Chairman of Nationwide Building Society, Kevin Parry commented:
“Following full consideration and the appropriate due diligence, and after taking comments from members into account, the Board of Nationwide’s assessment is that the binding offer to acquire Virgin Money is in the best interests of the Society and its present and future members.”
Chief Executive Officer of Nationwide Building Society, Debbie Crosbie commented:
“This acquisition strengthens Nationwide and means we can offer more value and broader services for our current and future members. More people will experience the benefits of mutual ownership and the customer-focused approach of a building society.

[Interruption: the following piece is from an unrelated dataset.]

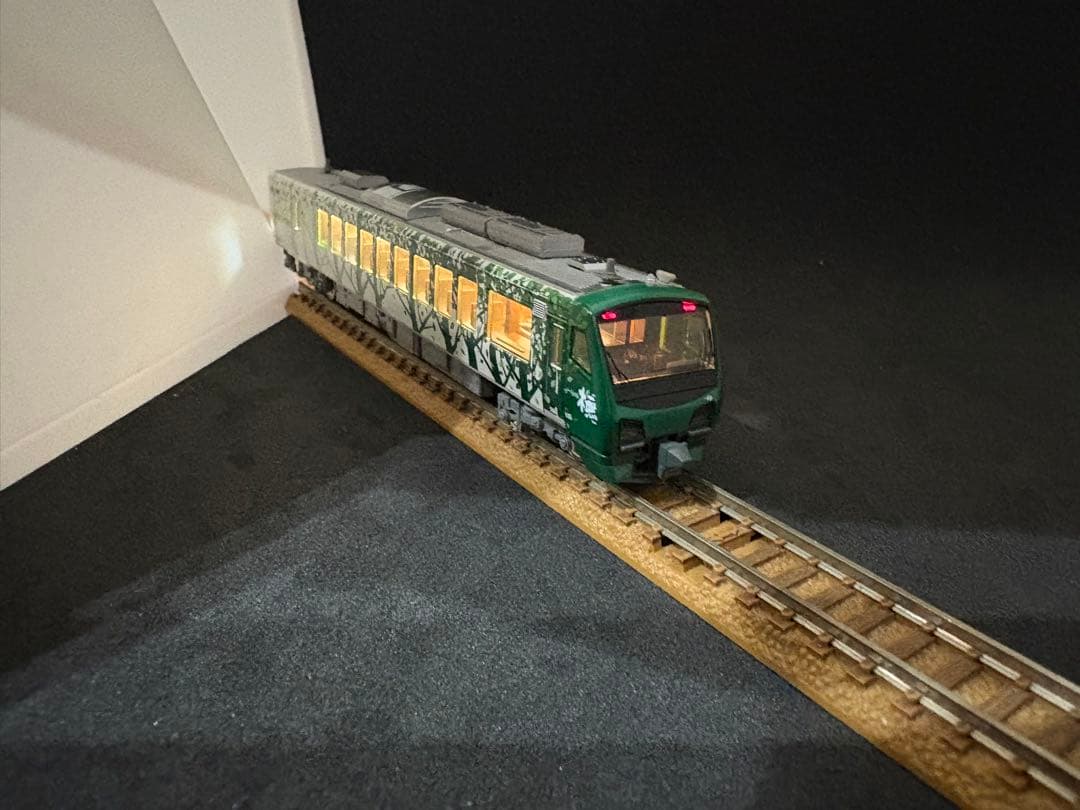 Nゲージ　リゾートしらかみ　橅編成　KATO 10-1463 純正室内灯付き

This includes Nationwide’s unique Branch Promise, which we are extending until at least the start of 2028. The Promise will also apply to Virgin Money branches.”
Chairman of Virgin Money UK PLC, David Bennett commented:
“The Board of Virgin Money believes that this strategic transaction recognises the strengths and opportunities in our business. We’re pleased to recommend the terms agreed with Nationwide, which deliver an attractive premium for our shareholders in cash and reflect the Group’s strong future prospects, combining two complementary businesses.”
Chief Executive Officer of Virgin Money UK PLC, David Duffy commented:
“The proposed combination with Nationwide presents an exciting opportunity to build on Virgin Money’s significant strategic and operational progress, including the consistent growth in our retail and business customers, deposits and target lending. Together the combined group can offer more great products and services to a larger customer base.”